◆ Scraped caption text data
== Segment start ==
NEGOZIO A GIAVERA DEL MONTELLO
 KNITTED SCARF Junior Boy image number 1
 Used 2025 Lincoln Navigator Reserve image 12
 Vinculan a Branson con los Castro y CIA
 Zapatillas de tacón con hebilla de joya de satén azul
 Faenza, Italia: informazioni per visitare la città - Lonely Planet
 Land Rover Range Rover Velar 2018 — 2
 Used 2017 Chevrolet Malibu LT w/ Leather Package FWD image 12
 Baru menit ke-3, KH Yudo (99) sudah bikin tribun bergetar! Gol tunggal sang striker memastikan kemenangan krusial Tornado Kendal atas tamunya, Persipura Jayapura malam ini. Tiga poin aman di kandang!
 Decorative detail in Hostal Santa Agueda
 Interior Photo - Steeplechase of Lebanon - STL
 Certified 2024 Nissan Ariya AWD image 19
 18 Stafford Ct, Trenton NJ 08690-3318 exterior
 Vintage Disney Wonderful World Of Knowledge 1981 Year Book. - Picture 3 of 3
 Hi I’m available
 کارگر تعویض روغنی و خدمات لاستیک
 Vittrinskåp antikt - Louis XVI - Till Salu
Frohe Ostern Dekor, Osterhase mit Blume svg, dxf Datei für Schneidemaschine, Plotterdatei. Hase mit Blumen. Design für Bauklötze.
== Segment end ==
Please retype, with no changes, the lines that run from the first line of the entries to the line with "Zapatillas de tacón", both ends included.

NEGOZIO A GIAVERA DEL MONTELLO
 KNITTED SCARF Junior Boy image number 1
 Used 2025 Lincoln Navigator Reserve image 12
 Vinculan a Branson con los Castro y CIA
 Zapatillas de tacón con hebilla de joya de satén azul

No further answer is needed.